# Exercise
The required output is every line from the beginning of the entries below through the line that includes "2022 Hyundai TUCSON SEL CLEAN CARFAX 1-OWNER", copied exactly.
(Given records Opens)
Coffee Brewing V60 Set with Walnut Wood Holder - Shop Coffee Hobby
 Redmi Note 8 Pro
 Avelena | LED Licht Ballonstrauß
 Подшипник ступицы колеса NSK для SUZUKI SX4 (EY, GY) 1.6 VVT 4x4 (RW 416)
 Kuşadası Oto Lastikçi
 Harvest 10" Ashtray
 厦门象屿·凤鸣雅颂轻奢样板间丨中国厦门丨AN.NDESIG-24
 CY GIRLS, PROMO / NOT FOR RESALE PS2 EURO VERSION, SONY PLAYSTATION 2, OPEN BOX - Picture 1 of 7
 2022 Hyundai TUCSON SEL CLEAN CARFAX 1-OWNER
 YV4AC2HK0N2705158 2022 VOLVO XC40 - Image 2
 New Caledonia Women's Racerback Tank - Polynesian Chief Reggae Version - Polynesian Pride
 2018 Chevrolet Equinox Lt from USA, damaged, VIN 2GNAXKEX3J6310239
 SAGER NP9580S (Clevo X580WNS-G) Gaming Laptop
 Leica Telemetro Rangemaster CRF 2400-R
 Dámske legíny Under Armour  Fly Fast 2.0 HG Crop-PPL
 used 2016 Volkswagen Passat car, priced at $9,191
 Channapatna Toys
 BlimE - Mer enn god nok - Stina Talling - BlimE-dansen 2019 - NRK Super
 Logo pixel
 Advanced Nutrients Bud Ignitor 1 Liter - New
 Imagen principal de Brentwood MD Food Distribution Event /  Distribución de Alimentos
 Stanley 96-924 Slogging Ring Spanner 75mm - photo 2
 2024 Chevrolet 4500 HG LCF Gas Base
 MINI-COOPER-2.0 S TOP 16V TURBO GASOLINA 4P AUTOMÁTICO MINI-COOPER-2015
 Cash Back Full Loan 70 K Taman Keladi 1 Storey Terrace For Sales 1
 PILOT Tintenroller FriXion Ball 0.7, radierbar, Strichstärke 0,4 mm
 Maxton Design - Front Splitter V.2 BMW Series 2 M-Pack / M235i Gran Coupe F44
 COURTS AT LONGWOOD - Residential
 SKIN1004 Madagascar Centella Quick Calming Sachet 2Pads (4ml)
(Given records Closes)
# Reply to the task
Coffee Brewing V60 Set with Walnut Wood Holder - Shop Coffee Hobby
 Redmi Note 8 Pro
 Avelena | LED Licht Ballonstrauß
 Подшипник ступицы колеса NSK для SUZUKI SX4 (EY, GY) 1.6 VVT 4x4 (RW 416)
 Kuşadası Oto Lastikçi
 Harvest 10" Ashtray
 厦门象屿·凤鸣雅颂轻奢样板间丨中国厦门丨AN.NDESIG-24
 CY GIRLS, PROMO / NOT FOR RESALE PS2 EURO VERSION, SONY PLAYSTATION 2, OPEN BOX - Picture 1 of 7
 2022 Hyundai TUCSON SEL CLEAN CARFAX 1-OWNER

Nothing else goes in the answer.